We sit in silence for a few moments, and I focus on our breath in the air. It's white, like cigarette smoke. I laugh a bit in my mind, reminiscing on the period of time where I couldn't go more than fifteen minutes without smoking. It's been nearly three years since I've quit.

"What's up, Pone?" Soda finally asks. "What's wrong?" I give him a look.

"What?" he says. "I can see right through you."

I pause for a moment, trying to figure out what exactly it is.

"It's just… I always had an excuse. I had New York. I had college. I knew I was leaving, but I always knew I would come back. And four years seemed so far away," I say. "Now I'm not sure there's a place for me here anymore. Do you understand what I mean?"

"Well… no," Soda says. "Because that's the dumbest thing I've ever heard you say, Pone. There's always gonna be a place for you here. This is your home. Don't you know that?"

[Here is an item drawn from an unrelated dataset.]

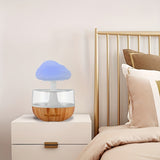 LumiDeco - LED Tischlampe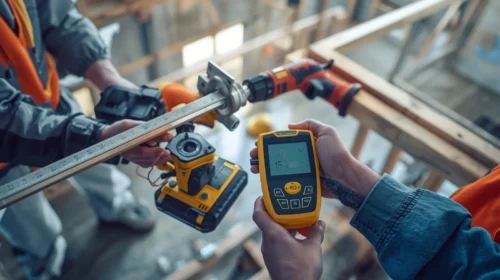 Teknologi Konstruksi Terbaru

I roll my eyes. "I mean, it's never going to be like it was. We're never going to be living under the same roof as one another. Hell, I don't even know where I'm going next. But it'll never just be all of us together again. I feel like we're losing another part of the gang for good, but that part is me. And it feels like…."

"It feels like Dal and Johnny all over again."

"Kinda."

Sodapop pauses for a moment, thinking about this. Though he isn't the most articulate, he's certainly the most insightful.

"Wanna know how I see it?" Sodapop asks.

I nod. "Of course."

"You're twenty-two years old. You graduated college at the top of your class. You have job offers all over the country. That's something to be proud of, Pone. That doesn't happen for just anyone. Hell, it didn't happen for me and Darry. It won't happen for Steve or Two-Bit. It didn't happen for Dally or Johnny. You should be grateful you are where you are."

"Oh, come on…" I say. "I didn't mean it like that-"

"No, listen," Sodapop says. "You think you should be feelin' guilty about leaving, but you shouldn't be. Me, Darry, the gang, even mom and dad would want you getting the hell out of this pokey 'ol town," he says with a laugh. "It's all we've ever wanted for you."

"I know that. I'm thankful for that."

"Hell of a way of showin' it," Soda says jokingly.

"I guess I never thought of it that way," I say. "I always figured you and Darry would think I left you guys behind or somethin'. I never wanted you to think that."

"C'mon, Pone. We'd never think that. We've worked so hard to help you make somethin' of yourself. We're real proud."

"Thanks," I say. "Thanks for knocking some sense into me."

"You know, you're afraid of changin', but that's one thing that will never change about you," he says as we begin to walk back to the house. "You'll always need your big brothers to help you see what's right in front of you."

"You're right about that," I say.

"And don't think you'll never come back here to visit the gang," he says. "We'll drag you back here if it's the last thing we do. You'll know where to find us."

"You're right," I say. "I'll never be able to get away from you guys."

"Exactly," he says. "Now, can we go back and decorate for Christmas? Please? I'm freezing my ass off out here."

"Yeah," I say with a chuckle. "Let's go."


I really loved this prompt, which was sent to me on Tumblr. It's so Ponyboy, but also so Sodapop, and I feel like I never write enough about their dynamic, which is surely one of my favorite relationships in fiction.